Does anyone know what the back pressure response looks like. I’ve seen ‘io.grpc.StatusRuntimeException: RESOURCE_EXHAUSTED’ a lot. But most of time it is to do with oversized gRPC message.
Recently I saw something like this in the log however it is logged as INFO.
03:52:41.167 INFO c.d.p.a.s.ApiSubmissionService - Submission has failed due to backpressure
Is there any sample code on how to capture the back pressure response? There are some clients asking about this for quite a while. Also is there a way to trigger back pressure error on sandbox? That will help us a lot if we can simulate it.

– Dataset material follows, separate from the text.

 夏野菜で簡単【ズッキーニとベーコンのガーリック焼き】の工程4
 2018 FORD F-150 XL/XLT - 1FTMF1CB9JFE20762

Sandbox provides you with the 3 options (in the 1.3.0 RC, 1.2.0 only has 2 iirc) to configure the limits that determine when you get a backpressure response:
--max-commands-in-flight <value>
Maximum number of submitted commands waiting for completion for each party (only applied when using the CommandService). Overflowing this threshold will cause back-pressure, signaled by a RESOURCE_EXHAUSTED error code. Default is 256.

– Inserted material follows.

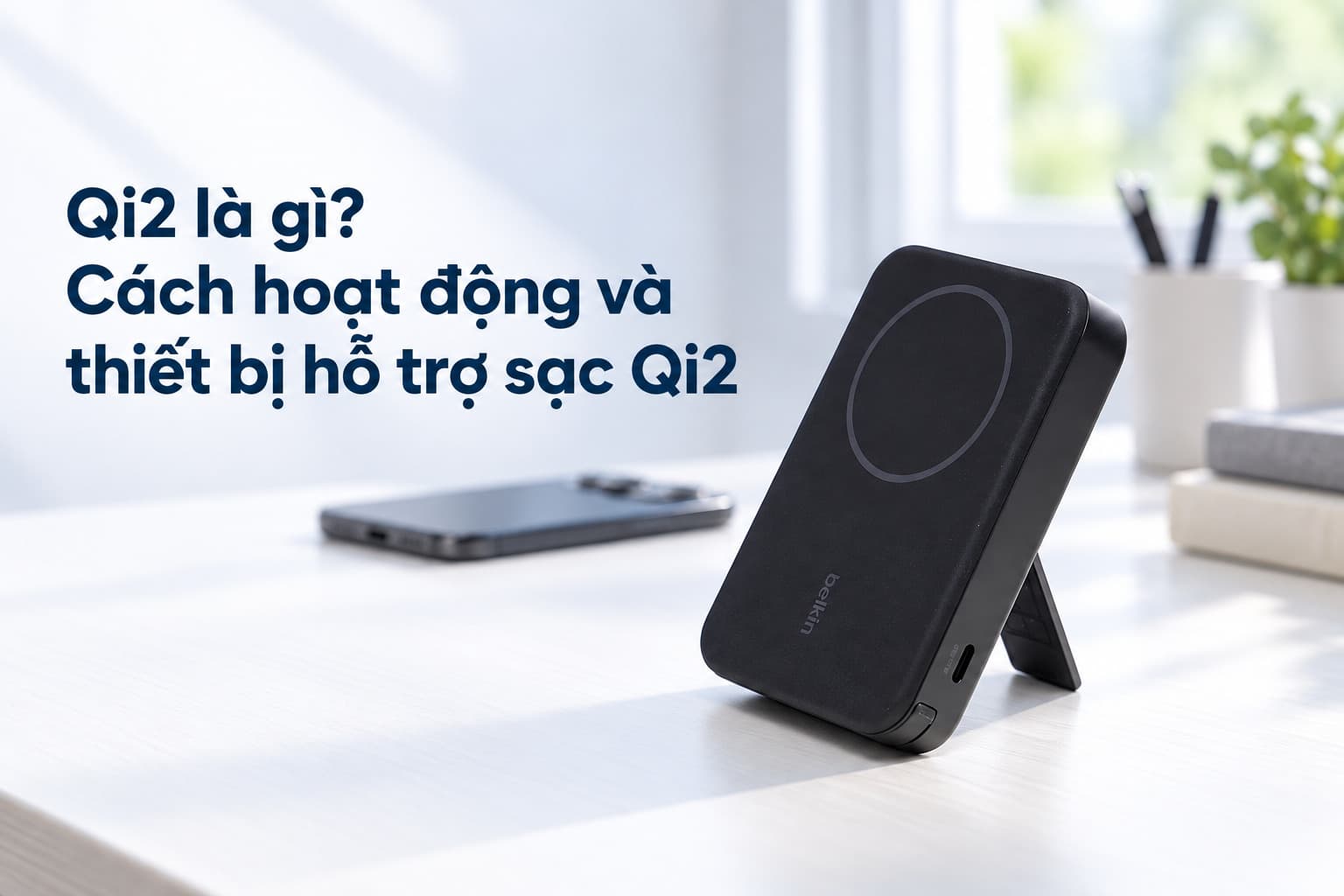 Qi2 là gì? Cách hoạt động và thiết bị hỗ trợ sạc Qi2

--max-parallel-submissions <value>
Maximum number of successfully interpreted commands waiting to be sequenced (applied only when running sandbox-classic). The threshold is shared across all parties. Overflowing it will cause back-pressure, signaled by a RESOURCE_EXHAUSTED error code. Default is 512.

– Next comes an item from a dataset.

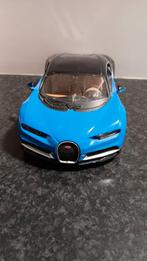 Mooie Bugatti Chiron lichtblauw/donkerblauw, Ophalen of Verzenden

--input-buffer-size <value>
The maximum number of commands waiting to be submitted for each party. Overflowing this threshold will cause back-pressure, signaled by a RESOURCE_EXHAUSTED error code. Default is 512.
If you lower them it should be much easier to get a backpressure response for sandbox.
As for capturing the response, ideally you would just match on RESOURCE_EXHAUSTED but unfortunately that includes non-backpressure responses as well. That behavior comes from the underlying gRPC library so unfortunately we cannot change this. Maybe someone else has a good idea here for only matching on backpressure responses.
You’re right. There’s currently no good solution for this.
We might consider signaling backpressure by using the UNAVAILABLE status code. Both descriptions for UNAVAILABLE and RESOURCE_EXHAUSTED could fit a backpressure scenario:
/**
* Some resource has been exhausted, perhaps a per-user quota, or
* perhaps the entire file system is out of space.
*/
RESOURCE_EXHAUSTED(8),
/**
* The service is currently unavailable. This is a most likely a
* transient condition and may be corrected by retrying with
* a backoff. Note that it is not always safe to retry
* non-idempotent operations.
*
* <p>See litmus test above for deciding between FAILED_PRECONDITION,
* ABORTED, and UNAVAILABLE.
*/
UNAVAILABLE(14),
As UNAVAILABLE is already a transient error and also requires some form of short-circuit/backoff, it would be better to conflate back-pressure with this condition than with permanent errors such as oversized gRPC message.
This is an ongoing issue with our project and I believe this switch would resolve some of our issues with back-pressure.